Bien que certains secteurs exportateurs, comme le tourisme ou l'agriculture, aient été perturbés par le contexte des attentats, le rebond des exportations est d'autant plus vital que le déficit commercial est assez élevé. Il importe donc de le réduire pour stabiliser la situation macroéconomique du pays.

On n'est toutefois pas revenu à la croissance des exportations qu'on a connue en 2010. La croissance de la production manufacturière, de 0,5 % par an depuis 2013, n'est pas satisfaisante. Il faut l'accroître. Elle était de 3,5 % dans les années 2000. Il faut revenir à cet objectif.

Il faut pour cela davantage de financements et que la croissance s'élargisse à davantage de secteurs. Un retour à 2,8 % serait une bonne chose, mais il faut au moins 5 %. 2,7 %, c'est à peu près le chiffre de la croissance mondiale. La Tunisie a besoin de plus pour réduire le chômage.

Cependant, l'accumulation des déficits commerciaux ces dernières décennies a impliqué une augmentation de la dette. La Tunisie n'a pas bénéficié de suffisamment d'investissements directs à l'étranger (IDE) pour que la croissance reparte.

Certes, la dette a été la bienvenue puisqu'elle a financé les déficits, mais il faut à présent passer à une autre étape, retisser des partenariats plus importants et développer les investissements étrangers. La France a pour objectif de doubler les siens, mais d'autres pays doivent également investir en Tunisie.

Le verre est à moitié vide - ou à moitié plein - en termes de solde budgétaire et de coût de la dette qui a été contractée par le passé et qui doit être remboursée. Or les flux d'intérêt pèsent sur la stratégie du pays.

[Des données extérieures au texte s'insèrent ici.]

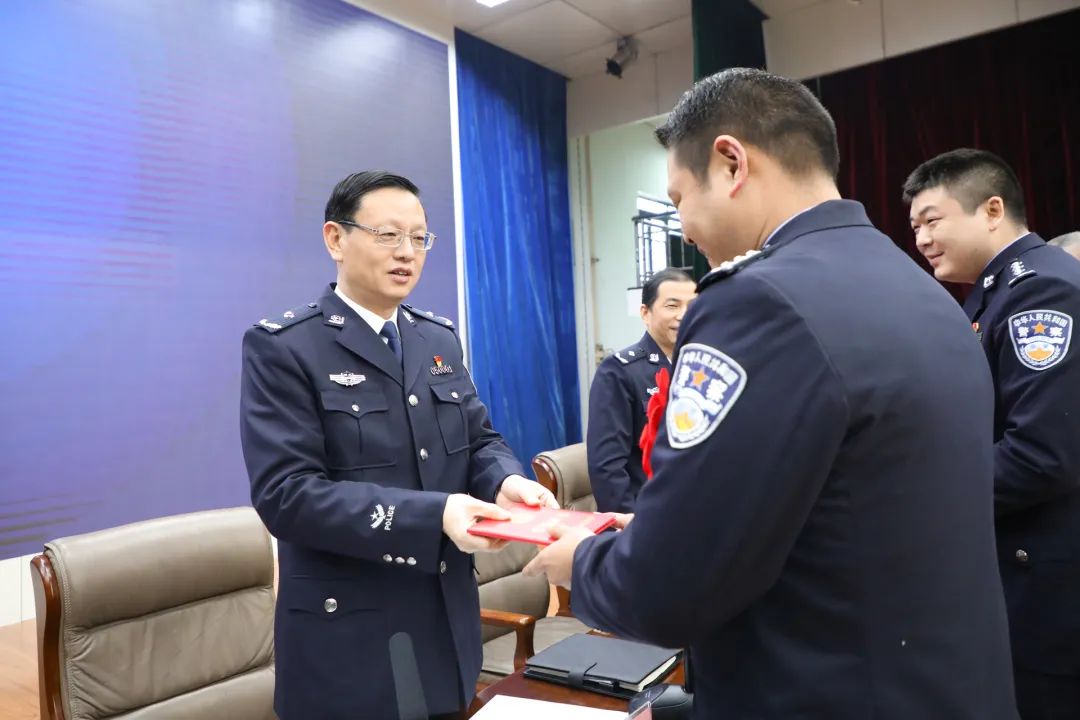 荆州公安部署雷火2022专项行动和近期重点工作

Ils représentent environ 2,8 % du PIB. Du début des années 2000 jusqu'en 2010 environ, on a connu une baisse du service de la dette. Puis il a augmenté à nouveau. On ne peut que souscrire à la stratégie de consolidation budgétaire annoncée pour retrouver des marges de manoeuvre. Il faut aussi faire jouer l'investissement domestique, d'où la stratégie de consolidation budgétaire, qui est un passage obligé.

M. Arnaud FLEURY - Le dinar a baissé. Comment voyez-vous la suite ?

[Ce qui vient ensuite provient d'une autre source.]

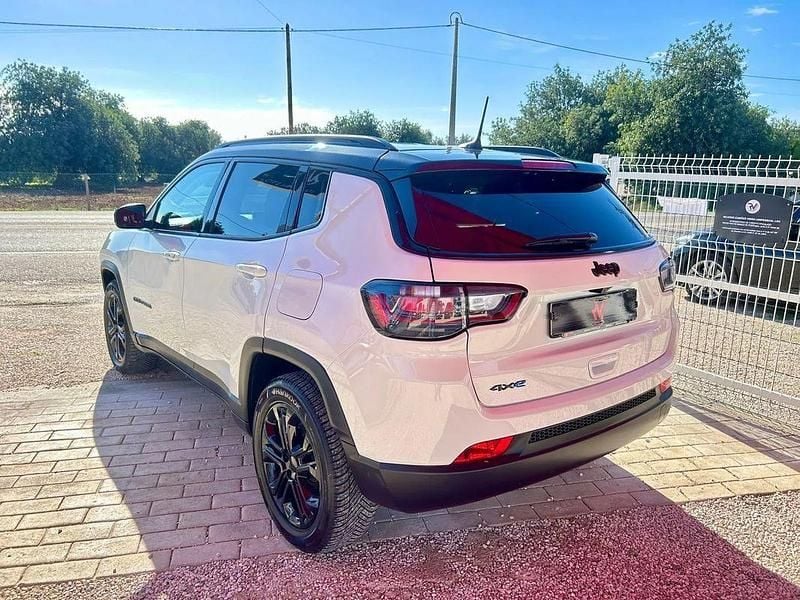 Usado Jeep Compass 240 HP (176 kW) 2022 Branco SUV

M. Stéphane COLLIAC - Il faut considérer le taux de change et les réserves de change destinées à payer la dette en devises ou les importations.

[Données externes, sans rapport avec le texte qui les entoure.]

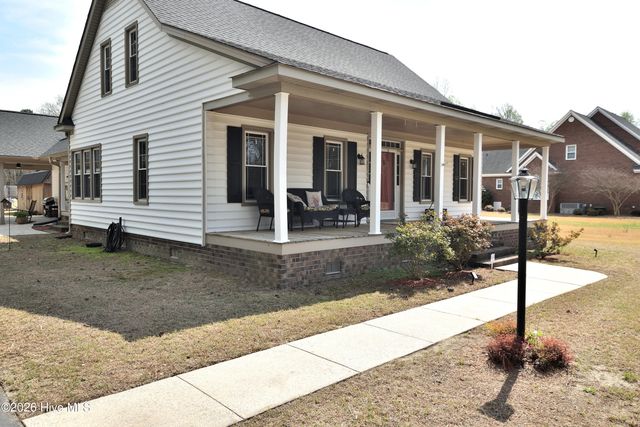 4083 N Old Carriage Road, Rocky Mount, NC 27804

La difficulté vient du fait que l'accumulation des déficits commerciaux a pesé sur les réserves de change. L'aide du FMI ne suffit pas à les faire remonter. Elles sont à un niveau tendu et il devient difficile de défendre le cours du dinar par rapport à l'euro. Le dinar s'est donc déprécié. Est-ce un problème ?

Il y a forcément un lien entre la dépréciation du dinar et l'inflation, mais on a grâce à cela plus d'investissements étrangers. Des pays comme l'Algérie ou le Maroc maintiennent des taux de change relativement fixes, avec des devises chères. Outre l'investissement dans le système productif, une des stratégies peut consister à avoir des coûts compétitifs.

M. Arnaud FLEURY - Le taux de change pourrait-il monter à 4 dinars pour 1 euro ?

M. Stéphane COLLIAC - Cela dépend de l'horizon. Il ira probablement à 4, mais pas cette année.

La dépréciation du taux de change a pour conséquence l'inflation. C'est une problématique importante, la population continuant de connaître un taux de chômage assez significatif. Cette contrainte ne doit pas être sous-estimée.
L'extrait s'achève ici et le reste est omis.